After a couple more miles there is a forest road that the trail crosses then soon after that a creek crossing.
Then the trail moves up onto a road for about half a mile. This section being very easy to ride.
At the end of the section of double track (road) there is a gate and the trail drops back into the woods.
The bridge crossings are all single log bridges with a guard rail on one side. I would suggest when crossing these types of bridges, just stand the bike up on the back wheel and guide it across, holding the handle bars just as you would if you were riding.
More of the same well defined moderately wide trail that is easy to ride. A few slightly technical spots running amongst tree roots and rocks.
The trail is soon intersected by a forest road at the point that it crosses to the south side of the river.
This is an easy place to get misguided. I did not see any signs, and there were two exits from the woods. The trail split just as the road became visible from the forest. Both sections of trail crossed the road and looked "kinda" like they were the trail.
I picked up the trail just a few feet from the south end of the bridge. That is after a couple of false starts down through the woods on the north side of the river.
The false trails on the north side of the river are trails, fisherman trails.
When you look across the bride, highway 126 is so close to the river it doesn't look as though a trail could be over there, but it is.
The trail runs right next to the road for a ways, the traffic noise is loud, as the cars and trucks roar by.
Back at the forest road crossing I had picked up another rider who was also confused here, we rode along for about a quarter mile until we came to another road.
There was a rider sitting by the trail here and he asked if we knew how much further it was to Paradise. Since neither of us had ridden the trail before we had no answer for him. He joined us as we rode on down the trail.
There was another creek crossing and we hit another road where we met a family on bikes. We asked them if they knew where Paradise was, and they didn't, we rode on.
A very short distance later and we could see a camping area. The trail split here and we rode toward the tents and trailers we could see through the trees.
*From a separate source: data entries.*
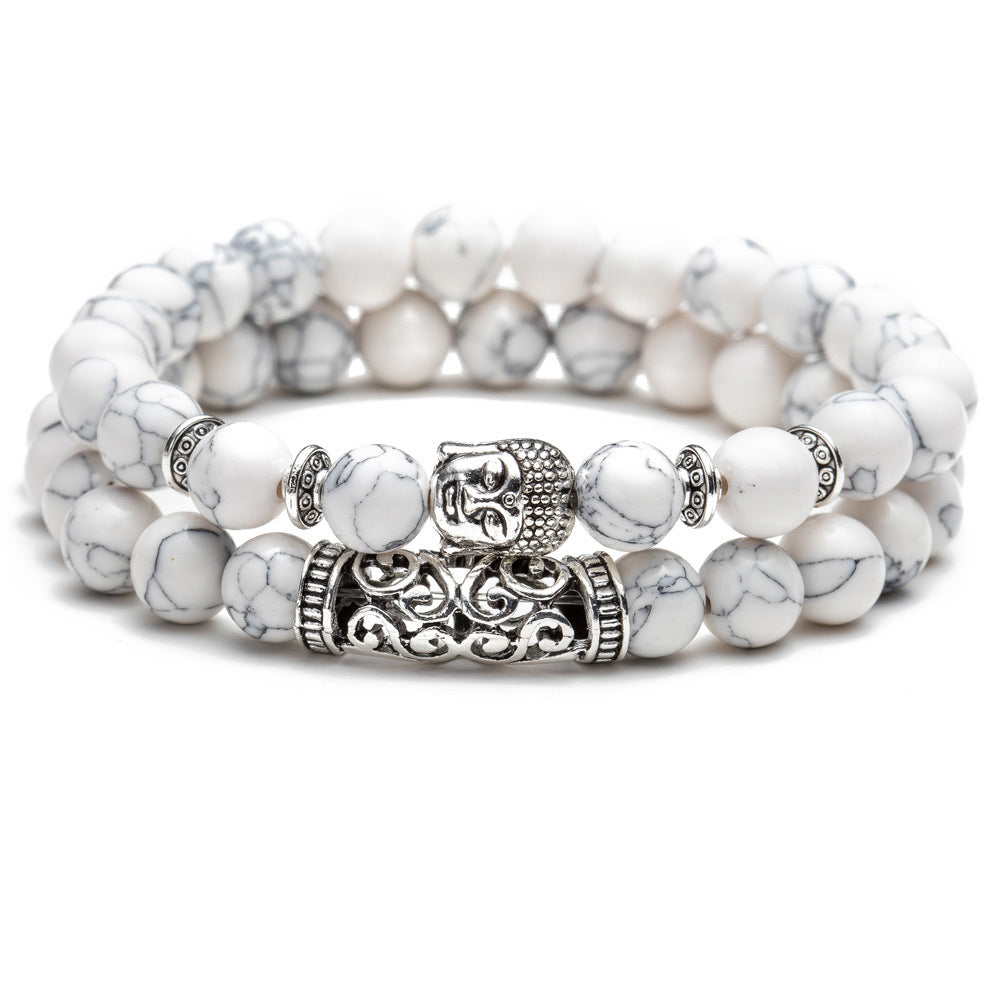 Natural Stone Buddha Bead Bracelet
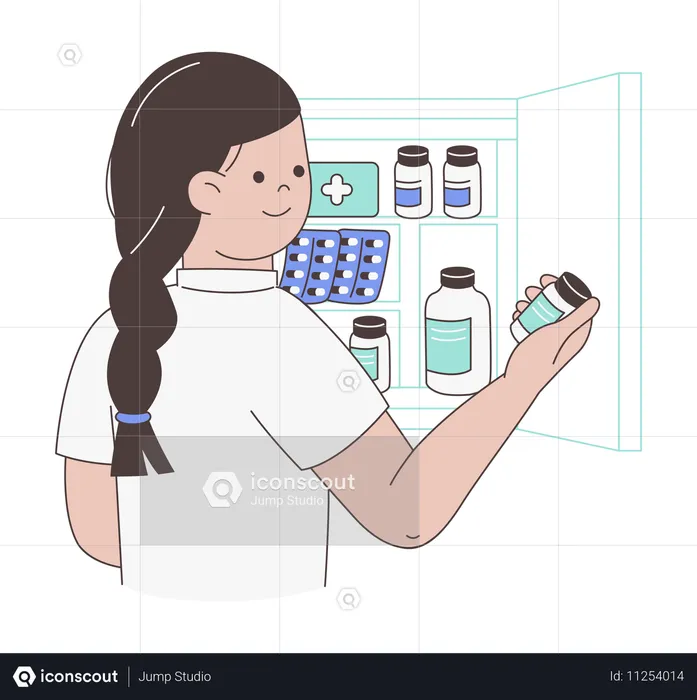 Woman Organising Medication on Shelf  Illustration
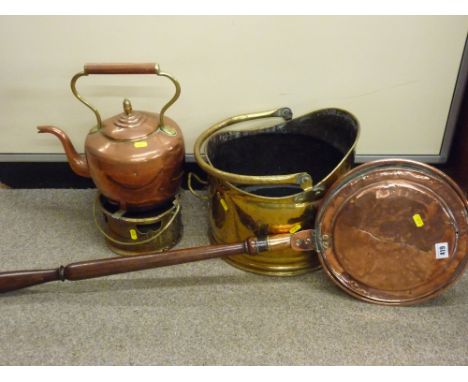 Victorian copper kettle, long handled copper warming pan and other vintage metalware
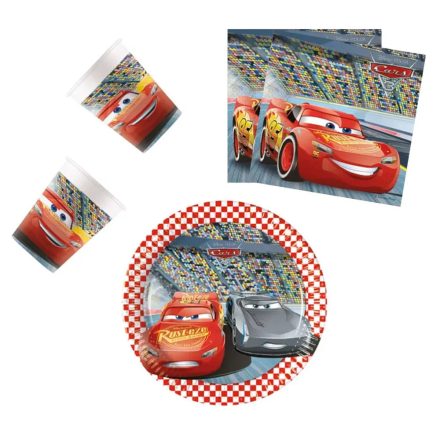 Disney Cars 3, Verdák party szett 36 db-os 20 cm-es tányérral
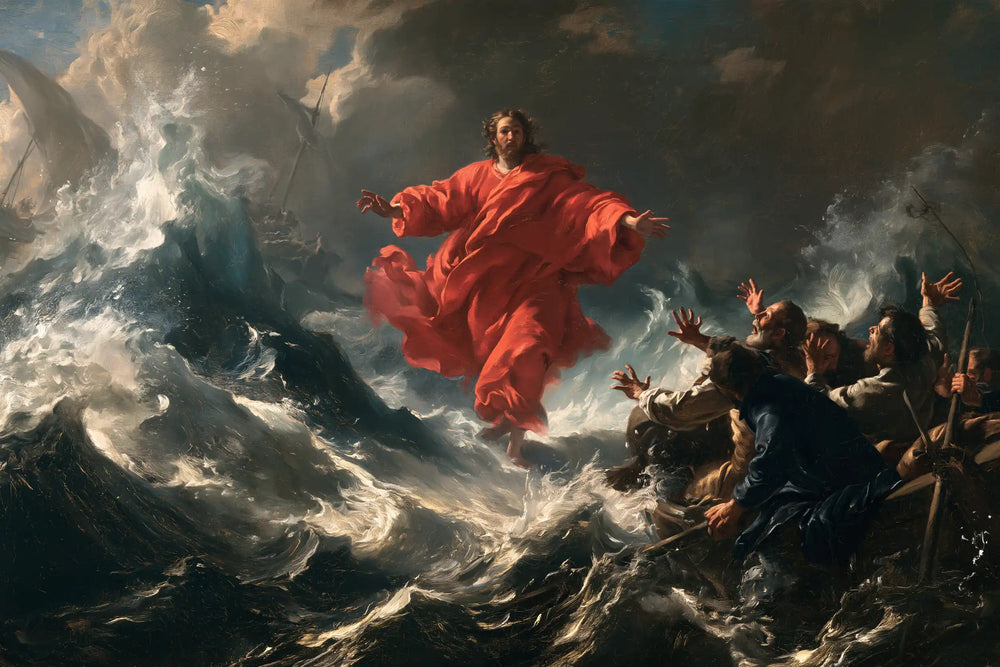Jesus walking on water in Theatrical Baroque style, landscape Christian artwork no. 15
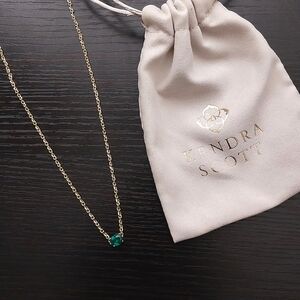 Kendra Scott Cailin Gold Pendant Necklace in Green Crystal | NWOT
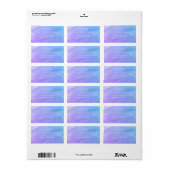 Étiquette Aquarelle violette et Turquoise (Feuille entière)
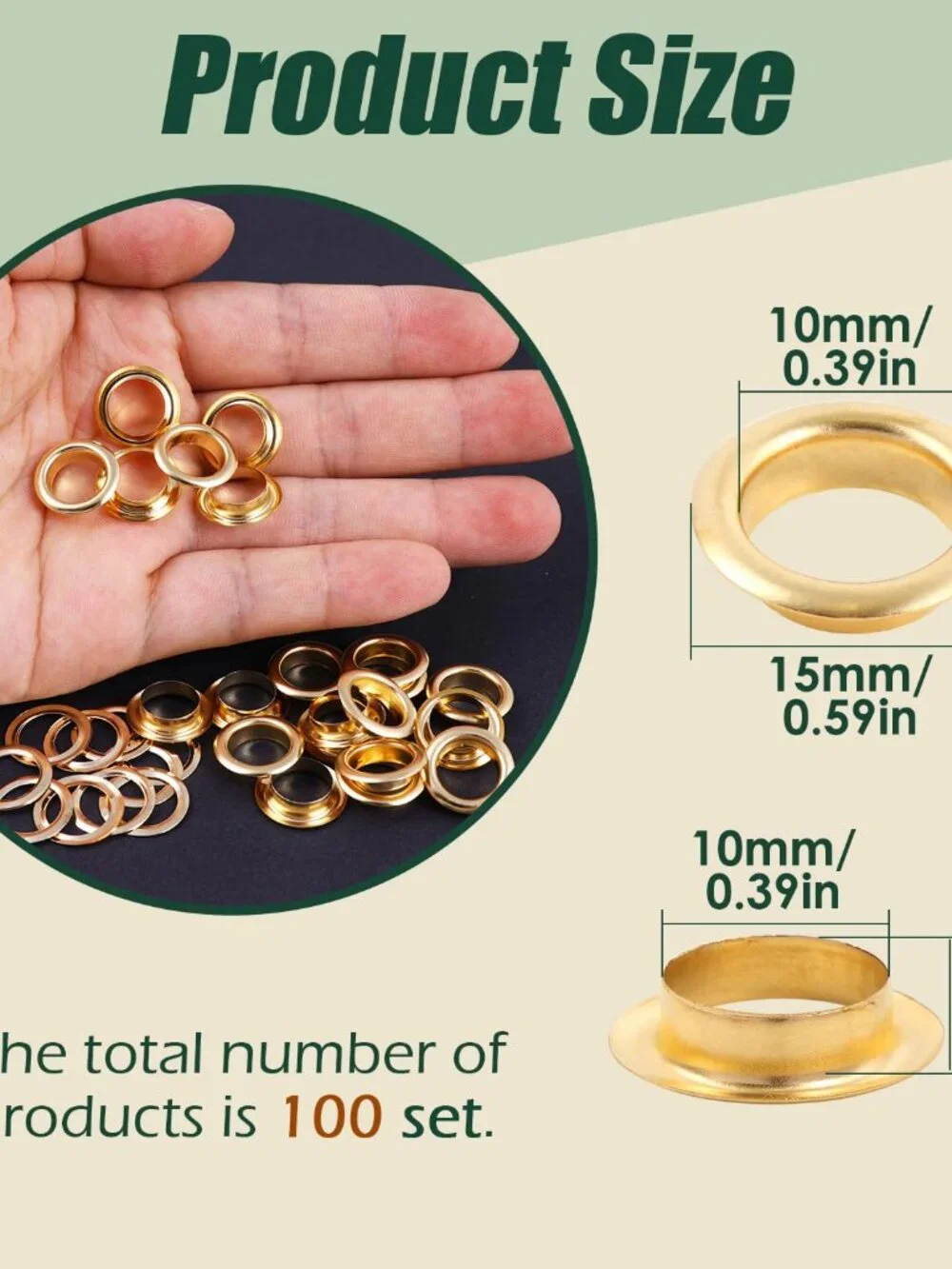 100 Sets Copper Grommets Eyelets, Gold 3/8-Inch 3/8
As we entered the park, we asked some campers if this was Paradise, and they replied that paradise was another five miles down the trail. This was Belknap Park.
Skeptical, or just not wanting to believe we had another five miles to go, we rode on until we ran into a young man and woman walking along the road. When we asked them, the young man told us we had to go back the way we came and pick up the trail outside the park. He said that Paradise campground was a few miles further down the trail.
Paradise, a few more miles, it was indeed. We rode on, the others stopped for some reason, so I kept on at a steady pace. Crossing another bridge and climbing up over another ridge. Thinking at the time this was some beautiful trail and I wish I wasn't so tired, I know I would enjoy it
The last few miles are pristine single track that runs back a ways from the river. I have on other trips ridden out and back rides from Paradise Park and find this trail a lot of fun.